Data section Block Start

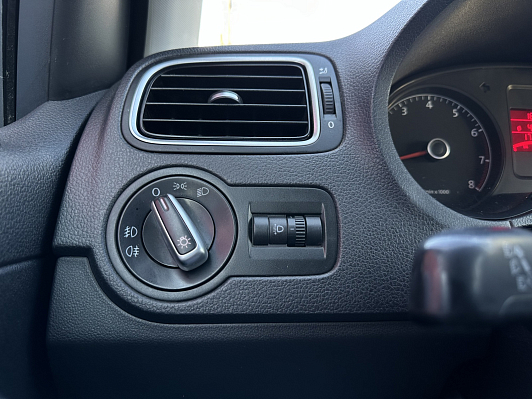 Volkswagen Polo Highline, 2013 года, пробег 177400 км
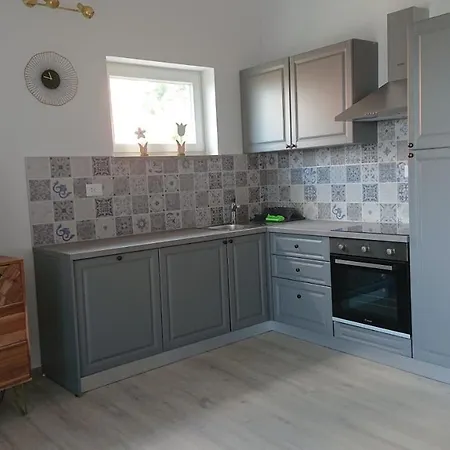 Irena Apartment Cres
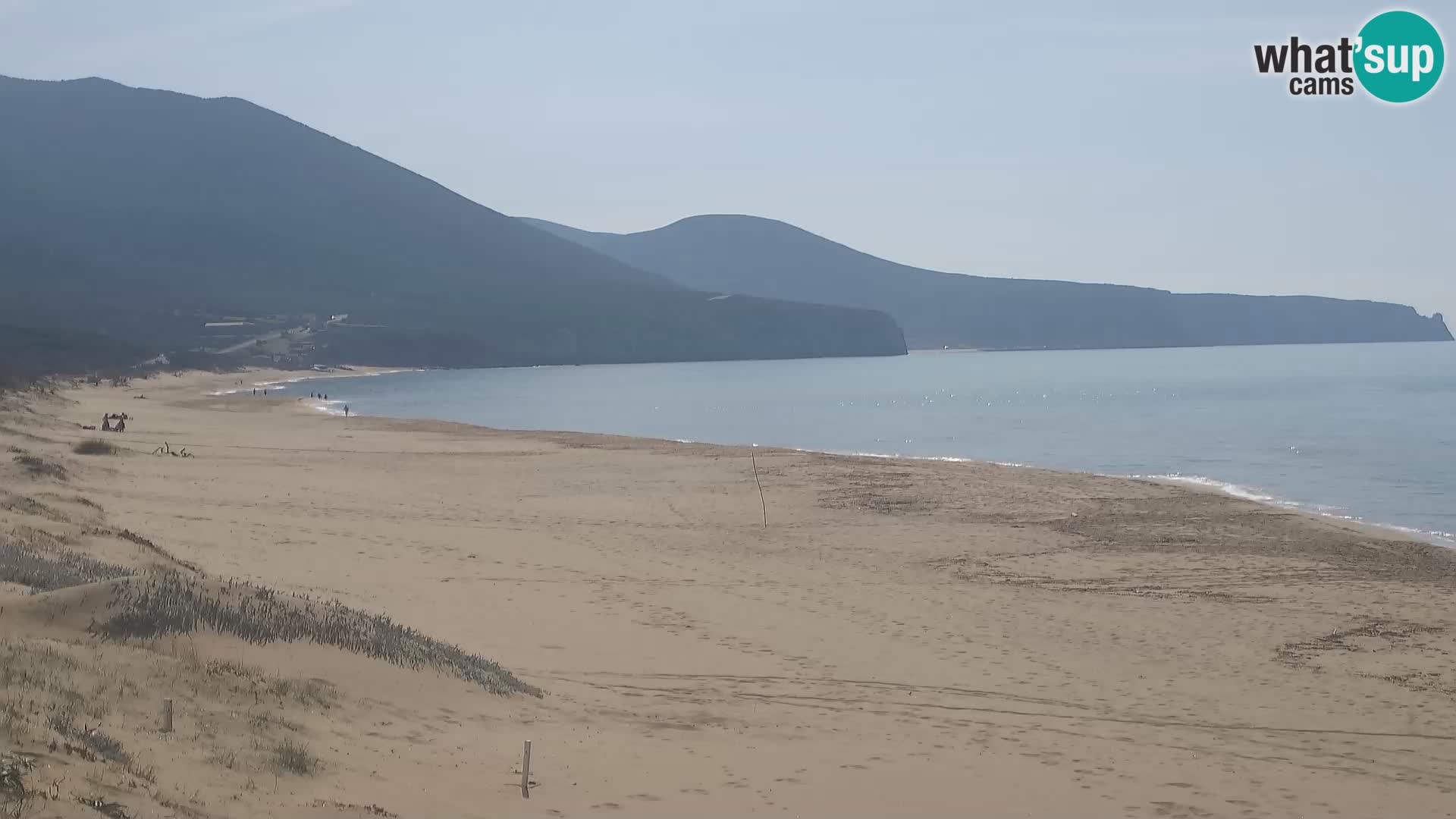 Spletna kamera plaže San Nicolò v Buggerruju, Sardinija – uživajte v valovih in sončnih zahodih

Data section Block End

=== Task goal ===
Line by line, write out the material exactly, leaving the images out.

=== Task response ===
 Volkswagen Polo Highline, 2013 года, пробег 177400 км
 Irena Apartment Cres
 Spletna kamera plaže San Nicolò v Buggerruju, Sardinija – uživajte v valovih in sončnih zahodih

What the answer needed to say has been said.